## Exercise prompt
From the first line to the last, set down the material exactly, leaving out its pictures.

## Data block
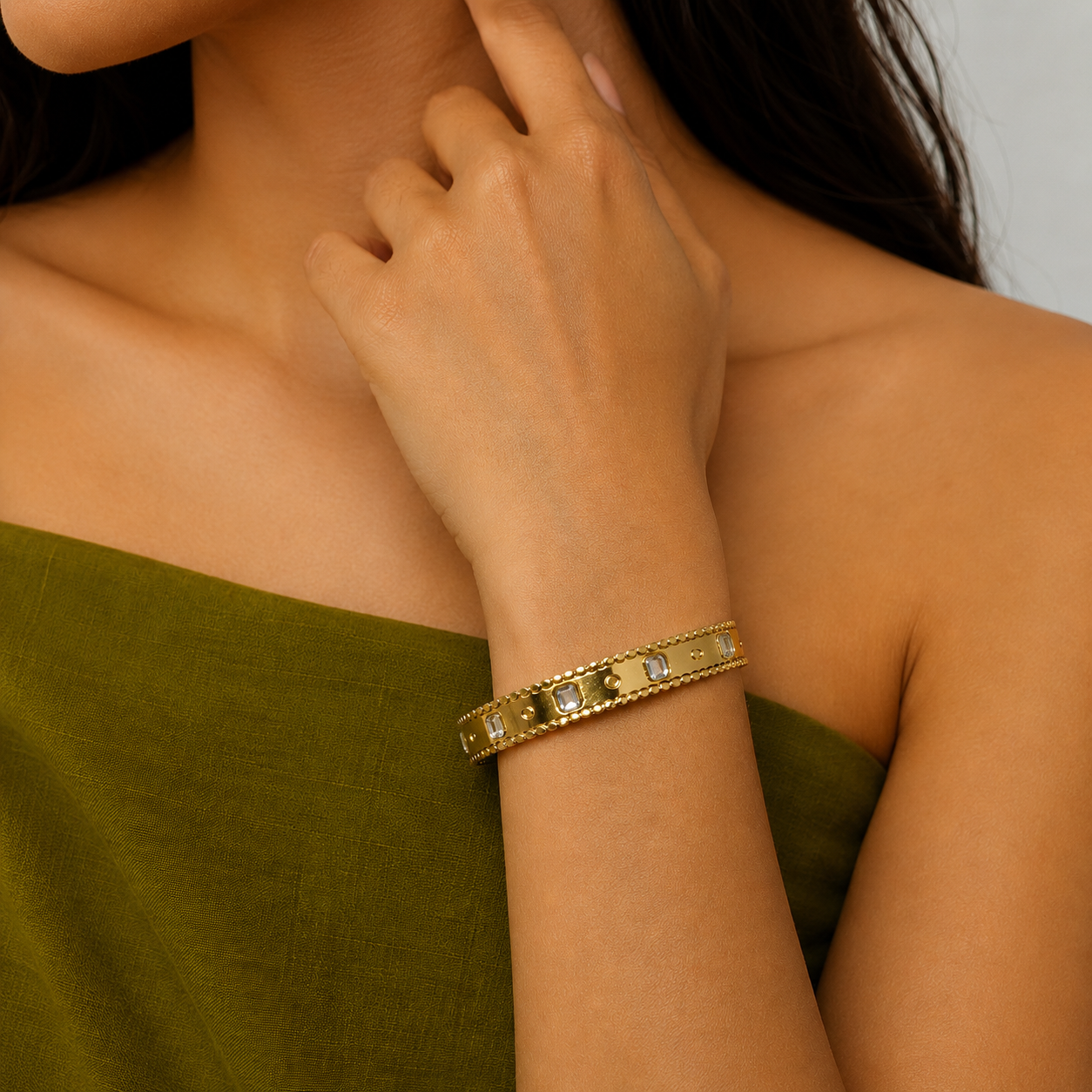 Gold-Plated Ribbed Edge Large Stone Cuff Bracelet for Women - Glossy Finish / Openable Medium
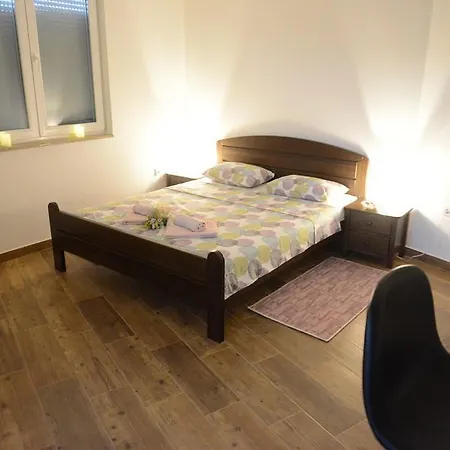 Apartment Horizons **** *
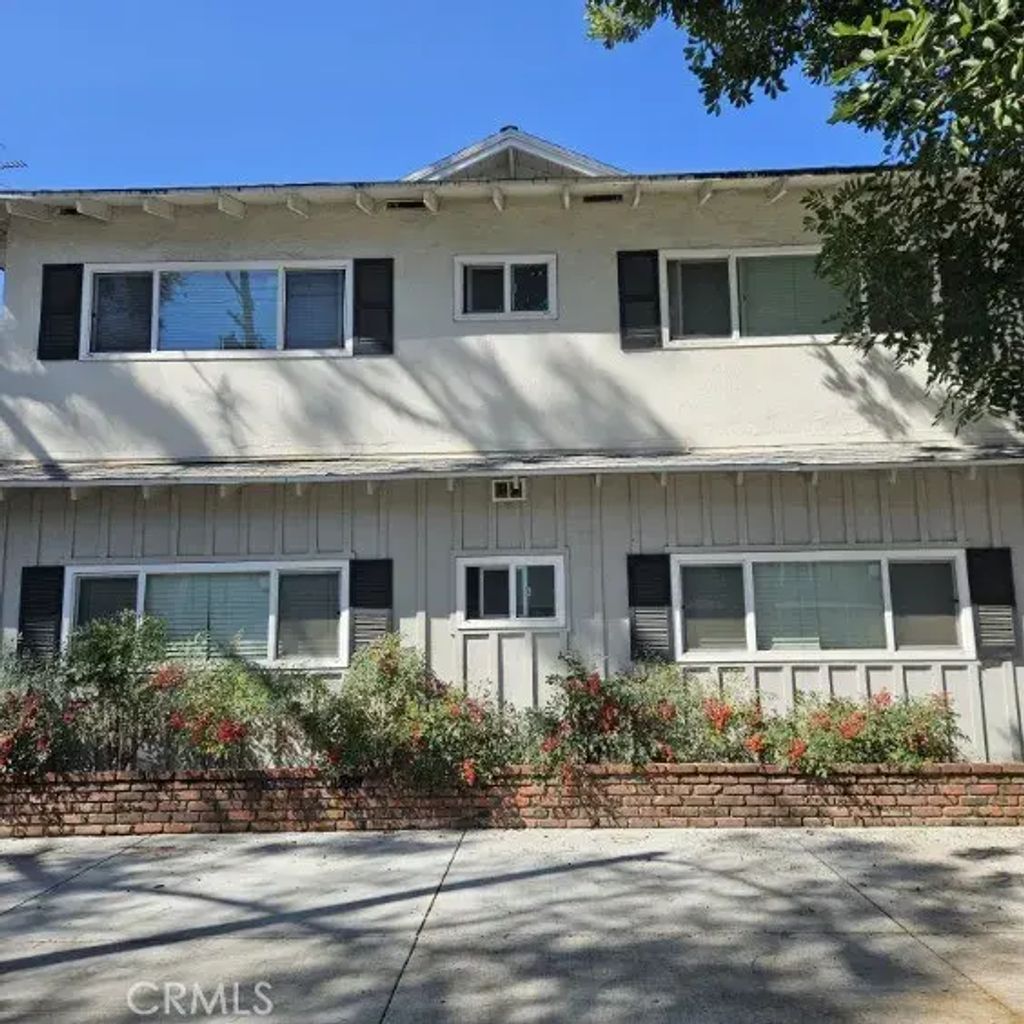 6685 Orange Avenue, Long Beach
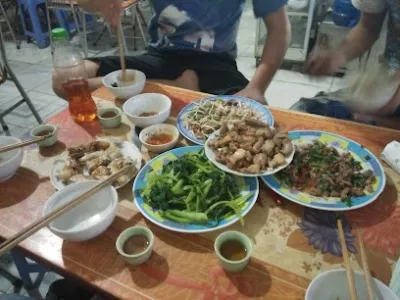 quán cơm bình dân. cơm đặt - nhà hàng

## Solution to this exercise
 Gold-Plated Ribbed Edge Large Stone Cuff Bracelet for Women - Glossy Finish / Openable Medium
 Apartment Horizons **** *
 6685 Orange Avenue, Long Beach
 quán cơm bình dân. cơm đặt - nhà hàng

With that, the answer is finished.